##### TASK INPUT #####
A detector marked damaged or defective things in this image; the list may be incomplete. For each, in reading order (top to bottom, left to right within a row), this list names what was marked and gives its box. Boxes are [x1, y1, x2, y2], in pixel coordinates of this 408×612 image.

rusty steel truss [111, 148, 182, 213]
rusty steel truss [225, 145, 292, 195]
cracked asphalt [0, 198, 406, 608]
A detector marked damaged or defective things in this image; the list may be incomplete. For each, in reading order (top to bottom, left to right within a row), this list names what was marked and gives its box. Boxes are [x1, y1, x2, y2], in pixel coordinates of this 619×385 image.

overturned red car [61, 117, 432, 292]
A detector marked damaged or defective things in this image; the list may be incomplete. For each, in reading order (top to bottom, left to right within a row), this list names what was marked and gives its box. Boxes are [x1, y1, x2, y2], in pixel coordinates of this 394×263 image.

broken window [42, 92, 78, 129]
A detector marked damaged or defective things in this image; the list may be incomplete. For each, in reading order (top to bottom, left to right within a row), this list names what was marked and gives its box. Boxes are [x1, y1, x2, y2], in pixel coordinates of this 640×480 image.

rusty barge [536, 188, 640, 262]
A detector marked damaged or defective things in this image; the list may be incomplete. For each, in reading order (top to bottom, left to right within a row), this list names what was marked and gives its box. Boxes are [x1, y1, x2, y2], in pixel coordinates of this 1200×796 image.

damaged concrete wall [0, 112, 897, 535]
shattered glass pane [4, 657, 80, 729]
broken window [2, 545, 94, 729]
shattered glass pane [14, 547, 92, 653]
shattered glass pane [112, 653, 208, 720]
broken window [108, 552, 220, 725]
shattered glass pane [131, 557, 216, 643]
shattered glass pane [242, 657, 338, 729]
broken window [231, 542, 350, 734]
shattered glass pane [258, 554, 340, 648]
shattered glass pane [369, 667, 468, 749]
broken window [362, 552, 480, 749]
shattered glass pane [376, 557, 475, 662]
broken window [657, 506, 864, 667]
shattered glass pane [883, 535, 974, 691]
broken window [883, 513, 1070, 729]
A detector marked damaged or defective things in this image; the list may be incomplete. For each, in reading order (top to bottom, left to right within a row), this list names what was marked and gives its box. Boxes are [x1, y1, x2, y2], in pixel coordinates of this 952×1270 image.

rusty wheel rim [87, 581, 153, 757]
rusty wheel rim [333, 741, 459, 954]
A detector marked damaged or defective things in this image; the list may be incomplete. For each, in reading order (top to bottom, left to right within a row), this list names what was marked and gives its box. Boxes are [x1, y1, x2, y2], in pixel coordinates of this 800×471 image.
#####
[ASSIGNMENT]
Everything from the line containing "this 952×1270 image." through the last line of the records must be given again exactly; leave out all other lines.

[SOLUTION TO THIS TASK]
A detector marked damaged or defective things in this image; the list may be incomplete. For each, in reading order (top to bottom, left to right within a row), this list names what was marked and gives its box. Boxes are [x1, y1, x2, y2], in pixel coordinates of this 952×1270 image.

rusty wheel rim [87, 581, 153, 757]
rusty wheel rim [333, 741, 459, 954]
A detector marked damaged or defective things in this image; the list may be incomplete. For each, in reading order (top to bottom, left to right within a row), this list names what was marked and gives its box. Boxes are [x1, y1, x2, y2], in pixel coordinates of this 800×471 image.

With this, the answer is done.